Activity:
Write out, word for word, only the data from its first line to the line containing "Sborramiincam webcam model stream image".

------------------------------

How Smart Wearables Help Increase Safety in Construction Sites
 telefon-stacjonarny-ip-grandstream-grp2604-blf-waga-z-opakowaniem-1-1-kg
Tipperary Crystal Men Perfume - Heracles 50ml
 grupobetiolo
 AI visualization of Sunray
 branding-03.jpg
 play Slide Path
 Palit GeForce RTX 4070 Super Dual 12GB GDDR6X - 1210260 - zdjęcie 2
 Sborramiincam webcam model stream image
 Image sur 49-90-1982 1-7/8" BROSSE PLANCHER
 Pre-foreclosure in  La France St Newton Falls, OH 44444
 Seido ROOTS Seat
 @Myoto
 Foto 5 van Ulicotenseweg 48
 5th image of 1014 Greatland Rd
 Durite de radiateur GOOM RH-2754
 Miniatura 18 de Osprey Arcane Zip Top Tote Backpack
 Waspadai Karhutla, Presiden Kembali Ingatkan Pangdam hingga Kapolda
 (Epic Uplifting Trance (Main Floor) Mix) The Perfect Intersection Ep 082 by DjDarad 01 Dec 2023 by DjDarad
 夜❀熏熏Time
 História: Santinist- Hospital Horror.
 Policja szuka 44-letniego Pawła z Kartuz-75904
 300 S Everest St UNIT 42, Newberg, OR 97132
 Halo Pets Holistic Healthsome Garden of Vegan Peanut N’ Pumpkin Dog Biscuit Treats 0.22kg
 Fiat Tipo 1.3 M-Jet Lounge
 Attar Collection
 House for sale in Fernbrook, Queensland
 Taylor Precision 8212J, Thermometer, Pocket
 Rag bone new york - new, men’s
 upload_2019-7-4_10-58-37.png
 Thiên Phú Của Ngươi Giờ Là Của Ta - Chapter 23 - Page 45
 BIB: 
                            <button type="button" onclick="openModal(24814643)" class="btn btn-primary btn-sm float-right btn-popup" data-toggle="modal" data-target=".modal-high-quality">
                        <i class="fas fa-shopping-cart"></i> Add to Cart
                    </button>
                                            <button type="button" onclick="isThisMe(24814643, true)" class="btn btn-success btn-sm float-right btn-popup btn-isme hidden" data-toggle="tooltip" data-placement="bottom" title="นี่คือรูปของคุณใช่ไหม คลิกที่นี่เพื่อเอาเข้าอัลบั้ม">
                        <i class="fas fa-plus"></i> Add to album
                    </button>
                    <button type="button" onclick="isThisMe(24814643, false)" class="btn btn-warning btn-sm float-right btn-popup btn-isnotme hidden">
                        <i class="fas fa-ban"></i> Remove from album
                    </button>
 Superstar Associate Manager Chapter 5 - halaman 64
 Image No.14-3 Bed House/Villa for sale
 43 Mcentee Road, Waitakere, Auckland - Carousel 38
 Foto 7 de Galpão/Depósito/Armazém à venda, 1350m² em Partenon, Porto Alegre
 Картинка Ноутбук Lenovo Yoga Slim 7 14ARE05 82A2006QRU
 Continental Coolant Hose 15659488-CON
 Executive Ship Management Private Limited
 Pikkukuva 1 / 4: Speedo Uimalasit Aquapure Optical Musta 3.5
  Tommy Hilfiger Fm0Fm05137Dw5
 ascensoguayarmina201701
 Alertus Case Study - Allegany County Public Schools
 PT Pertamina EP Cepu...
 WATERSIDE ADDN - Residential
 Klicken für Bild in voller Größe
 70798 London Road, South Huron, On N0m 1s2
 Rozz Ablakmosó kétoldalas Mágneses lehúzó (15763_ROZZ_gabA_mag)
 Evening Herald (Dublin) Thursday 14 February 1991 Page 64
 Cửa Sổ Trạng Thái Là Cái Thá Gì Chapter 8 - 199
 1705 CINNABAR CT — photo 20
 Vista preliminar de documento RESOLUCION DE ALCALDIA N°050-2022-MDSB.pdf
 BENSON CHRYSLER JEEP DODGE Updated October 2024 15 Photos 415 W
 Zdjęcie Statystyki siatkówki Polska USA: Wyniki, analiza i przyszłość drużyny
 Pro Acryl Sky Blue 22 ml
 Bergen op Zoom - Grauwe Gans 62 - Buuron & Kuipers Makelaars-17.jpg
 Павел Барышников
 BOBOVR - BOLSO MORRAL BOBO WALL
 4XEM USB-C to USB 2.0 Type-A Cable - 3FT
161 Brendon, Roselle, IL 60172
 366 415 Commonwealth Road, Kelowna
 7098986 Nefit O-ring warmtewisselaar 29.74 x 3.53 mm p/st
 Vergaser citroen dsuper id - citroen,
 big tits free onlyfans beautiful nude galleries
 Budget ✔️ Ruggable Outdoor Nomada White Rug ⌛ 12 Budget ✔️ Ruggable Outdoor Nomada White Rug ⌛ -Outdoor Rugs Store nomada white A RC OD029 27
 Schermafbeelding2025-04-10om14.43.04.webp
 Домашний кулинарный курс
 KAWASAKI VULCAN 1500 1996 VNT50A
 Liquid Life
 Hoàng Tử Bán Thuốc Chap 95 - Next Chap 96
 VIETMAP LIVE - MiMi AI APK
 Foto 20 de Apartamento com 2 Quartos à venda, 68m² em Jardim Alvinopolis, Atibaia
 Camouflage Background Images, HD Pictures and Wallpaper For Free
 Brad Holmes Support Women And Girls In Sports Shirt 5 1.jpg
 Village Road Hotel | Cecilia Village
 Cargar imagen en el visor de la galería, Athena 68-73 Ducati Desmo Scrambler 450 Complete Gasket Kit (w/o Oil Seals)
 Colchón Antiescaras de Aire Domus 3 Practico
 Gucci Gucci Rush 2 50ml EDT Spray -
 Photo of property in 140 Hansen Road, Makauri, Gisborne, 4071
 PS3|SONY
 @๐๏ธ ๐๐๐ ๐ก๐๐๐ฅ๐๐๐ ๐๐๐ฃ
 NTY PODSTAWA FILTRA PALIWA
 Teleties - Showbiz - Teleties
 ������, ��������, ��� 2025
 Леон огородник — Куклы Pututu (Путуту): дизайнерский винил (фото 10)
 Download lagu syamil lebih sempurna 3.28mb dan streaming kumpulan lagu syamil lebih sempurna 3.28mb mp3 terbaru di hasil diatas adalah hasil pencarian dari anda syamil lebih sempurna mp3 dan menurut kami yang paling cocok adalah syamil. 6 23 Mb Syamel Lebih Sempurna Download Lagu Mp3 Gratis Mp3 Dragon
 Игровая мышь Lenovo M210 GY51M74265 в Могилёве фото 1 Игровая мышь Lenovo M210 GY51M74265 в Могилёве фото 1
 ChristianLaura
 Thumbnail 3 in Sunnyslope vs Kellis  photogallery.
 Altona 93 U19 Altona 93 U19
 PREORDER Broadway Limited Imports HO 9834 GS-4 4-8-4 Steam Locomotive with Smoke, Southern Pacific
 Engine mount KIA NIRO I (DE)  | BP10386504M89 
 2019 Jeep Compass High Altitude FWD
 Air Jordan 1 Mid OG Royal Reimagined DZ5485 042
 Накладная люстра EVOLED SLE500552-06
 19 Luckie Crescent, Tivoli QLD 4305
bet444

------------------------------

Written solution:
How Smart Wearables Help Increase Safety in Construction Sites
 telefon-stacjonarny-ip-grandstream-grp2604-blf-waga-z-opakowaniem-1-1-kg
Tipperary Crystal Men Perfume - Heracles 50ml
 grupobetiolo
 AI visualization of Sunray
 branding-03.jpg
 play Slide Path
 Palit GeForce RTX 4070 Super Dual 12GB GDDR6X - 1210260 - zdjęcie 2
 Sborramiincam webcam model stream image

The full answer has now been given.